There's nothing quite like a good row. The Nobel prize-winning economist Amartya Sen's latest book is dedicated to the tradition of argument, scepticism and diversity of opinion in Indian thought and culture. The starting point is the rise of the Hindutva movement, whose narrow brand of Hindu nationalism has sought to create a "purified" version of Indian history. Such reductive simplification, Sen argues, directly connects India's Bharatiya Janata Party to western academics such as Samuel Clash of Civilizations Huntington. Sen sees such activity as an attempt to "miniaturise" India, and argues that instead we should be enlarging our understanding of it. We should revisit its diversity, he writes, and remember that the country has always been a product of the ebb and flow of people and ideas. Travelling through poetry, gender, time and weapons of mass destruction, Sen seeks to open our minds to the traditions of heterogeneity and argument in Indian culture. Arguments and sharing diverse opinions are what is needed now, he writes, rather than authoritarianism and acquiescence: for "silence is a powerful enemy of social justice".

Jo Littler

The First Psychic: The Peculiar Mystery of a Notorious Victorian Wizard by Peter Lamont (Abacus, £7.99)

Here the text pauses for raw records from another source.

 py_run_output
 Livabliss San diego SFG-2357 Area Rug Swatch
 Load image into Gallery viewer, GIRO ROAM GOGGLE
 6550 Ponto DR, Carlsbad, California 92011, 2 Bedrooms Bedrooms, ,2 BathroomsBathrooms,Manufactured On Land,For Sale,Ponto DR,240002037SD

Floating tables. Mysterious rapping. Messages from the other side. Peter Lamont's book explores the séance through the career of one of its earliest Victorian practitioners. Daniel Dunglas Home, the pale son of a Scottish paper-mill owner, married into the Russian aristocracy and rose to transatlantic fame by "contacting the spirit world" and conjuring up spooky hands that stopped at the wrist. The first person to be accorded the term "psychic", his secrets remained, unusually, unexposed by either his contemporaries or posterity. In the process, the veracity of his conjuring and levitation skills split public opinion. Dickens thought he was a charlatan and a trickster; Ruskin was desperate to be introduced; and the very mention of his name made Robert Browning foam at the mouth. Lamont's sprightly account of Home's career remains interestingly open as to whether he was a consummate conman or the practitioner of a perennially misunderstood science, although the book would have had extra mesmerising charm of its own had it included more social and cultural context in its bag of tricks.
JL

The Tribes of Britain by David Miles (Phoenix, £9.99)

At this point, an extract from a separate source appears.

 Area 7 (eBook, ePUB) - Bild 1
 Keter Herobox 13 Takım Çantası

Miles's history of the population is also a popular history of these islands, since demographics depend on subtle conjunctions of geopolitics (land-ownership, shelter, nutrition, health, mobility) and the mood of the times. There were suddenly more and younger inhabitants in Shakespeare's England, displaced from privatised estates, taking capital risks, migrating to cities, and the tone of their throng is almost audible in Will's work. Miles accounts for who came (covering the debate over whether Anglo-Saxons arrived en masse, or just as a few prestigious persons whose status all coveted and copied); who went forth (including a 17th-century exodus of Scots to Poland and 18th-century ditto to India); and who multiplied - not that many until the 18th century, when an upsurge of births provoked Malthus to unarguable conclusions. Miles crams the past century's additions and subtractions into a coda, almost as afterthoughts to the narratives of the bronze age Amesbury Archer, born near the Alps, and the Huguenot boat people seeking asylum in Barnstaple; 2006 is too close to be clear, I expect.